管理人は手元にオーディオテクニカの「AT6098 ハイブリットインシュレーター」が余っていたのでE30に両面テープで取り付けてみた。制振効果がどうこうよりも完全に見栄え重視である。適度に重さが増して安定性が良くなった。

追記(21/04/09)

E30本体の設定は、電源を取り外しても設定した内容は記憶している。管理人が試したところ、アンプモード、ボリューム、画面の明るさ等、全ての設定を記憶していた。使うときだけ電源を接続するような使い方でも再設定の必要は無く、快適に使用できると思う。尚、長期間(数ヶ月)放置したらどうなるかは不明。

使ってみた感想

使い心地に関してはリモコンがあるので極めて良好。いちいち本体に手を伸ばさなくていいのは快適である。音量を長押しすれば素早く音量の調整が行えるが、ちょっとレスポンスが良すぎる気がする。慣れれば問題ないが。

E30本体は電源ボタンしかないので、リモコンが壊れたり無くなってしまうと操作不能に陥るので注意が必要。管理人は学習リモコンを持っているので、こちらにE30リモコンのボタン割当を全部学習させて使用している。

それでは、気になる音質を比較してみる。E30のデジタルフィルターは既定のF-3に設定してある。使用するアンプは「Denon PMA-60」で、PC→DAC→PMA-60→スピーカーという接続になっている。言うまでもないが、PMA-60はアナログ入力になっている。スピーカーは「Wharfedale(ワーフェデール)REVA 2」という英国製のもの。

Wharfedale REVA 2(左の白いスピーカー)

FOSTEX PC100USB-HR2

まずは「FOSTEX PC100USB-HR2」というハイレゾ対応DAC機能付きボリュームコントローラーがあるので比較してみたが、音の情報量はプリアンプモードでもE30の方が多い気がした。PC100USB-HR2もデスクトップで使うには十分な性能であるが、E30を聴いた後だと少し物足りなく感じてしまう。音にそこまで拘りのない管理人でも違いが分かった気がするので、ある程度良いスピーカーやアンプが揃っているのであれば、DACは良いものを使用した方が良い。

Denon PMA-60

PMA-60自体にもDAC機能があるので比較してみる。PMA-60はE30よりもアナログっぽい音質であり、高域の余韻が心地良い。悪く言えば、色付けされている音質とも言える。E30はどちらかというとデジタルっぽい音で、原音に忠実という印象を受けた。DACは、アンプやスピーカーに音声信号を何もアレンジせずそのまま伝えるのが重要と考えるのであれば、E30の方が優れているのかも知れない。デジタルフィルターの設定によって音質は変わるので、単純な比較はできないのだが・・・。

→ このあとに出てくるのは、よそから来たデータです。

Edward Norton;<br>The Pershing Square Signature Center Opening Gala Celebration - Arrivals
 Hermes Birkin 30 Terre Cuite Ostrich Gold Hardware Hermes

他のUSB-DACは持っていないので色々と比較はできないが、E30はDACとしても優秀なPMAー60にも劣らない音質だったのは驚いた。デスクトップやサブシステムで使用するなら十分な性能と品質なので、コストパフォーマンスはとても良いと思う。個人的にE30に欠点は無いと感じており、中華ということを我慢できるのであれば大変おすすめできるDACである。

ちなみに、管理人はE30を先日レビューした「高音質ステレオパワーアンプ WP-SSA10W」と接続して使用している。